Once you eliminate sleep, the next logical step would be to eliminate the next mechanic that implements RNG to steal turns and/or swing games in paralysis.

I’m not disagreeing with you on the power of sleep, i just think it’s hypocritical (of anyone) to think one is ok and the other is not if the goal is to minimize RNG and luck deciding turns/games.
 

Shaymin Sky

Watch me, rewind our clocks, back to the start!
is a Community Contributor
Warning, I mention math.

Sash Lead darkrai is inherently not worth the slot commitment because its statistically unfavorable in majority situations and can be counter played in builder. This is the case because fast sleep, Darkrai goes for hypnosis and you immediately burn the first guaranteed sleep turn. The odds you land the first hypnosis and get the turn 2 sleep needed to make hypnosis a positive play is 40%. If you miss the first hypnosis and proc sash you can go for it again and the odds are now 64% that you gain a turn, however this isn't accounting for people abusing the first turn 40% and using utility (EX: Thunder Wave) to cripple Darkrai so realistically the 64% is not at all consistently possible to reach even with sash because of utility anti leads.

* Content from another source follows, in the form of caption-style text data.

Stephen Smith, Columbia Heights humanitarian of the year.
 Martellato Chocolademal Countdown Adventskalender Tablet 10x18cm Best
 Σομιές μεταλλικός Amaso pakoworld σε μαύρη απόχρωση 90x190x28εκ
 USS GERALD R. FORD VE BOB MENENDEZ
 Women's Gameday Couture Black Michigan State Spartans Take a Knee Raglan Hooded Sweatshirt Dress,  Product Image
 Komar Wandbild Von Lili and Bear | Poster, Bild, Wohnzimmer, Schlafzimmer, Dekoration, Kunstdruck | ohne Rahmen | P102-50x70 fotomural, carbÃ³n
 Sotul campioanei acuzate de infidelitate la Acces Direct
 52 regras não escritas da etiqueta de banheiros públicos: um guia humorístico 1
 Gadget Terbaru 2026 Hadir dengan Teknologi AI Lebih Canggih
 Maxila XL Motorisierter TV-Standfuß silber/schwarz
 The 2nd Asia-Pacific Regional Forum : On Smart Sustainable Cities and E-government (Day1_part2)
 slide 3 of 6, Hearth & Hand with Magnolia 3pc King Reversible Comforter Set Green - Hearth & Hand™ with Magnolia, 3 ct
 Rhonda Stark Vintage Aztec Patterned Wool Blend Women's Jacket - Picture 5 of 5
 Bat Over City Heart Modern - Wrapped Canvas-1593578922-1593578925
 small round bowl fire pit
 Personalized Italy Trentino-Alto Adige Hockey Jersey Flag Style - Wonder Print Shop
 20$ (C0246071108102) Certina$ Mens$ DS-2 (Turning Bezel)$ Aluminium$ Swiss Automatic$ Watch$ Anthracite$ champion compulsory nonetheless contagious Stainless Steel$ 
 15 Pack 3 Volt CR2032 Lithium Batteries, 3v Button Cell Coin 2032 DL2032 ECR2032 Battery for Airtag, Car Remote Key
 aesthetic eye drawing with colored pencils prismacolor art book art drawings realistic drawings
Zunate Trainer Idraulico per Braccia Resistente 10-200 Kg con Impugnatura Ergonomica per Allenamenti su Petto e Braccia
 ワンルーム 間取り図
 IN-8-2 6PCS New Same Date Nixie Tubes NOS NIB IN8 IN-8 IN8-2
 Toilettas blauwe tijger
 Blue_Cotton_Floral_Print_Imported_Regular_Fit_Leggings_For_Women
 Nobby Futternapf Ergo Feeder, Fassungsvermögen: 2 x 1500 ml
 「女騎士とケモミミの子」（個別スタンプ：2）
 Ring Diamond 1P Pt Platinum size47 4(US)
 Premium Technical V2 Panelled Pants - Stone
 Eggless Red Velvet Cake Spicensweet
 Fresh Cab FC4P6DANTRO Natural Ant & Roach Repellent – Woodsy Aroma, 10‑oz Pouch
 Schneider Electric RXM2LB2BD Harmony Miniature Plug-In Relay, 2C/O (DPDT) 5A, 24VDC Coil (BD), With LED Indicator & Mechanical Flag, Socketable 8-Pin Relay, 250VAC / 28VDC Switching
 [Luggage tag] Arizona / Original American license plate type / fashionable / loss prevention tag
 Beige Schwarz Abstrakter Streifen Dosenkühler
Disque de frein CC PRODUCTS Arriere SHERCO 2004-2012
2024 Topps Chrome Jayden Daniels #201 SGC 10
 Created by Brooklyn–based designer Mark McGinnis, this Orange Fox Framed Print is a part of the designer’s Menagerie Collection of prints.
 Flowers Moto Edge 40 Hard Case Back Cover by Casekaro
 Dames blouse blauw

Now assuming Darkrai gets the 40% on turn 1 and gets 1 turn of sleep you are ahead by 1 turn but its a non-item boosted darkrai with limited coverage. If you run NP you have to pick sludge bomb or focus blast (gl landing that with on top of hypnosis) and most teams can wall dark pulse + 1 of those anyways, even if darkrai is at +2. if you forgo NP and you go 3 attacks, due to no item boost the reward is middling and not noteworthy of taking action, I seriously doubt anyone notable is saying no item 3 attacks Darkrai is problematic.

The reward you get for getting the statistically unfavorable turn 1 is not at all impressive and not at all worth the team slot either if you look at it objectively. There are far more leads that give not only guranteed value but also statistically favorable value and lead sash hypnosis darkrai is proven to be statistically unfavorable on the turn 1 (this is not even mentioning that 64% on turn 2 is still not consistent either lol u could just miss/get turn 2 wake up TWICE). I doubt we will even see this Darkrai set in tour given how unrewarding when it works and inherently unfavorable it is, this is not like Cloyster where the luck has game winning potential this is an unboosted Dakrai.

There is the chance of 3 turn sleep but those odds are not at all reflective of the 90% of lead Darkrai battles anyways, and only the NP hypnosis sets can get the value needed off 3 turn sleep lead to win games. This means even if you get unlucky 3 turn sleep vs Darkrai you have decent chances that the opponent is running the non-NP Darkrai and the game is not at all over. There's too much variance that can go wrong for the Darkrai player while still not having game winning reward of past luck mons.

EDIT: Forgot to mention but you also have to land focus blast as coverage when fast hypnosis is already statistically unfavorable, yeah not happening LMFAO.